--- Supplied records Enclosed Below ---

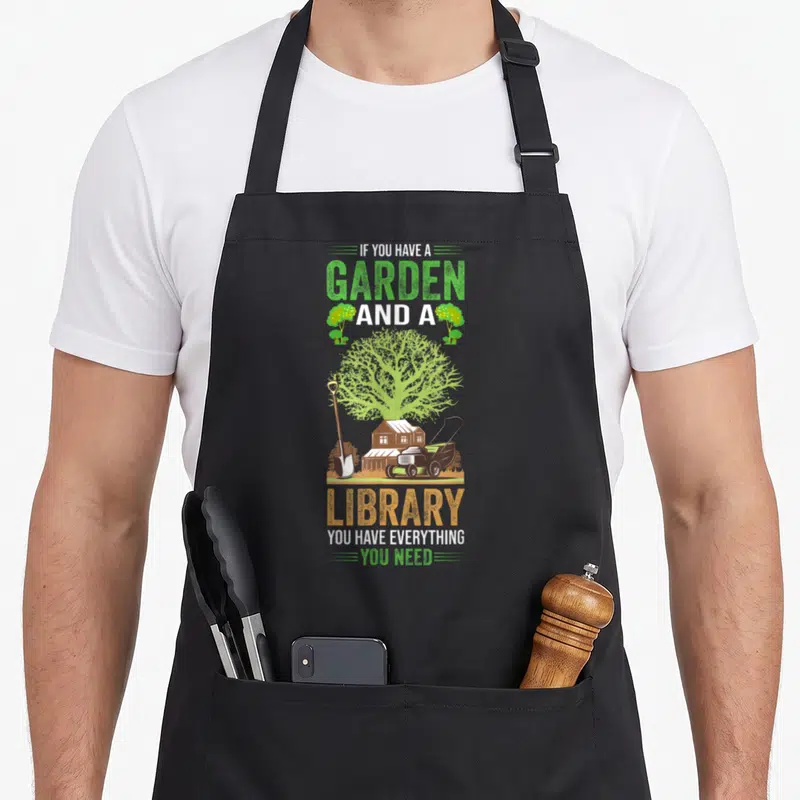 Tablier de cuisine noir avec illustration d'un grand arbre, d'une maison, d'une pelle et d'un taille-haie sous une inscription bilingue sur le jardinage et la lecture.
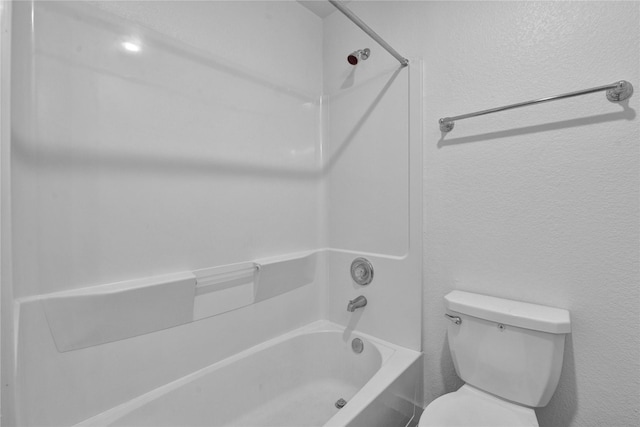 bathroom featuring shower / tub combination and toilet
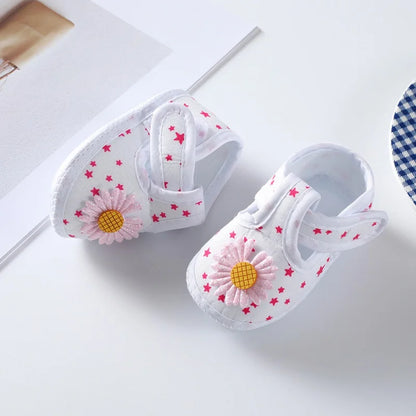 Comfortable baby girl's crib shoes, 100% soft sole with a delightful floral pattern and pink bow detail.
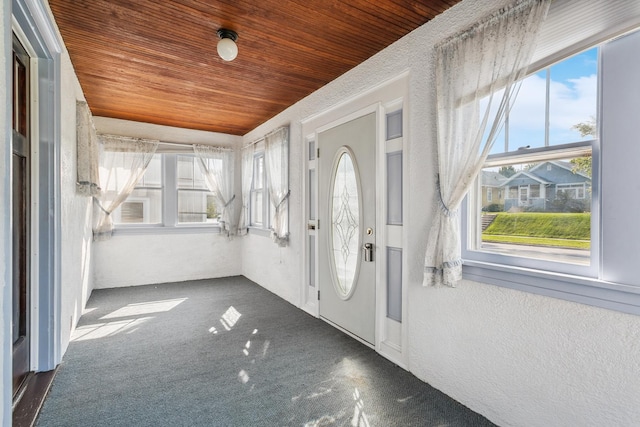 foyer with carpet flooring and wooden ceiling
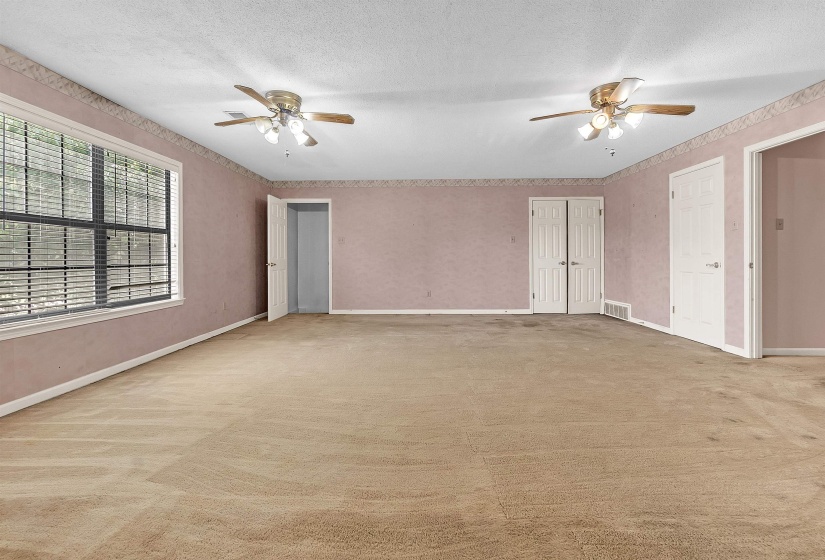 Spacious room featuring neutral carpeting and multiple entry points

--- End of Enclosed Supplied records ---

Assignment - Every entry, word for word: repeat it, but skip the images.

Result of this exercise -
 Tablier de cuisine noir avec illustration d'un grand arbre, d'une maison, d'une pelle et d'un taille-haie sous une inscription bilingue sur le jardinage et la lecture.
 bathroom featuring shower / tub combination and toilet
 Comfortable baby girl's crib shoes, 100% soft sole with a delightful floral pattern and pink bow detail.
 foyer with carpet flooring and wooden ceiling
 Spacious room featuring neutral carpeting and multiple entry points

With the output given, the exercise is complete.